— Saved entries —
◆ ◆ ◆

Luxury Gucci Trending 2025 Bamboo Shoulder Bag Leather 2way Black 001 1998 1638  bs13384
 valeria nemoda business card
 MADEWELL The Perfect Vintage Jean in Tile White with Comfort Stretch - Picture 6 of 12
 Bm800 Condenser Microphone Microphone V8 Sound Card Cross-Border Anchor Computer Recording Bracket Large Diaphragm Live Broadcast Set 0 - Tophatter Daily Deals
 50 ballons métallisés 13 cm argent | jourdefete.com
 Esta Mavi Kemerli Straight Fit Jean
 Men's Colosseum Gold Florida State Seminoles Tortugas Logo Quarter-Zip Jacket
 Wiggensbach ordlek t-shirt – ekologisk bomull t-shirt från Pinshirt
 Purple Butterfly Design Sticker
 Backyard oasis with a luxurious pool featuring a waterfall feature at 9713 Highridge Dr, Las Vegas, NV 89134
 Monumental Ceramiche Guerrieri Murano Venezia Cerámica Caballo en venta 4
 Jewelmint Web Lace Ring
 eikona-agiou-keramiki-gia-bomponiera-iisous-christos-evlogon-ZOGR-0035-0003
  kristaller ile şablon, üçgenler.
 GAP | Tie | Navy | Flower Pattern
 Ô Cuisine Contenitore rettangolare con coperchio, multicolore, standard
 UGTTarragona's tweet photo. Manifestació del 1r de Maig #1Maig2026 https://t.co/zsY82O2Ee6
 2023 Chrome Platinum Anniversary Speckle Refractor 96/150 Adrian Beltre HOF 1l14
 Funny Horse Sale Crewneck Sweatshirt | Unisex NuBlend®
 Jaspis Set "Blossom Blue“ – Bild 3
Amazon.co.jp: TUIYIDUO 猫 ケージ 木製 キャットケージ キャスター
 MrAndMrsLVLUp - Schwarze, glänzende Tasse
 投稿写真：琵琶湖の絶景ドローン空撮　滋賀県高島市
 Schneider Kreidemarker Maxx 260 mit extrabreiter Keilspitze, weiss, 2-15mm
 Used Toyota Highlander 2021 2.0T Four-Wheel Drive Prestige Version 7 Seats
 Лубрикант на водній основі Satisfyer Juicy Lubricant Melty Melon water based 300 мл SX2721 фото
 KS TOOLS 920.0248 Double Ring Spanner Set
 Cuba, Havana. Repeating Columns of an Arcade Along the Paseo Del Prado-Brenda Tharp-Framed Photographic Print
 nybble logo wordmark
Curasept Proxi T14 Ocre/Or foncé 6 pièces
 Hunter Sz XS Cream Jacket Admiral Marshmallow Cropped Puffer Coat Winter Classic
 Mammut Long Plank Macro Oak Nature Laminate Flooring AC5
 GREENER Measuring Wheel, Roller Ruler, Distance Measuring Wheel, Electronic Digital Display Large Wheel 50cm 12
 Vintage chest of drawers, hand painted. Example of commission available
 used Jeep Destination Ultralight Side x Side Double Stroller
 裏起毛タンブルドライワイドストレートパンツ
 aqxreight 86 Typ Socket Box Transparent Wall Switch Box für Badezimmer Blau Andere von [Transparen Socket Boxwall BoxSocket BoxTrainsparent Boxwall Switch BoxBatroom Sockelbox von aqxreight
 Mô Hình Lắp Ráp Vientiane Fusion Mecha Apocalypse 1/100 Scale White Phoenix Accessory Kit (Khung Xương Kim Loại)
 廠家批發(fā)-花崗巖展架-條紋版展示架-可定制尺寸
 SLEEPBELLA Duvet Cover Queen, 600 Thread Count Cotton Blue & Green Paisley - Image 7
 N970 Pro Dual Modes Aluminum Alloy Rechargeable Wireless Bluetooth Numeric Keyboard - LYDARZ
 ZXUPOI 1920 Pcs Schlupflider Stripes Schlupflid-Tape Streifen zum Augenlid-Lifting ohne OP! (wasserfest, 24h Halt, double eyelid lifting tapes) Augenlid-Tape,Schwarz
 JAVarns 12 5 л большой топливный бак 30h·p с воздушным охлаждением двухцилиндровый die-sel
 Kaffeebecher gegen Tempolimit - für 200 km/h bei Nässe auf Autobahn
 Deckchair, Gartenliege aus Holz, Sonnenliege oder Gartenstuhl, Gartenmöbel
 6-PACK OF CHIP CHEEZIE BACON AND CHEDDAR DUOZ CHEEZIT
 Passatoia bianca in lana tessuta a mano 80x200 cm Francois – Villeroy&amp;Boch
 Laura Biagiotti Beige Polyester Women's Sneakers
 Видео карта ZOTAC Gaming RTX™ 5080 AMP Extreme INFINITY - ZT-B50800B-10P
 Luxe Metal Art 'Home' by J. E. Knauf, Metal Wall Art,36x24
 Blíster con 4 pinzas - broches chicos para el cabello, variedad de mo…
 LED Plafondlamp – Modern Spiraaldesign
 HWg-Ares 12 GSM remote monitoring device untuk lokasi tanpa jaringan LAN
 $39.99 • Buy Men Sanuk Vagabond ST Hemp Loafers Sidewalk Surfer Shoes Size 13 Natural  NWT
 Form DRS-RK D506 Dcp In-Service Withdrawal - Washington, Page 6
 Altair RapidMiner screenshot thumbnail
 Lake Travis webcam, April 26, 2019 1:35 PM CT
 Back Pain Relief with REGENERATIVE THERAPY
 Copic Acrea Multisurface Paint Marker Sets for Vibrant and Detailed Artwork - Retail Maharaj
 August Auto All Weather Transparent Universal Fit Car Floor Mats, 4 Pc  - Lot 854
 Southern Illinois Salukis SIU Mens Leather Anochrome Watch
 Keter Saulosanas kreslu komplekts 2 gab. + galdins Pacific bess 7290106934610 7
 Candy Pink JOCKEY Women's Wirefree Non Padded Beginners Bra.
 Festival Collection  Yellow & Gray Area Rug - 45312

◆ ◆ ◆

— Assignment —
Scan the entries above for the string "Wheel" and copy each line that contains it.

— Output of the task —
 Used Toyota Highlander 2021 2.0T Four-Wheel Drive Prestige Version 7 Seats
 GREENER Measuring Wheel, Roller Ruler, Distance Measuring Wheel, Electronic Digital Display Large Wheel 50cm 12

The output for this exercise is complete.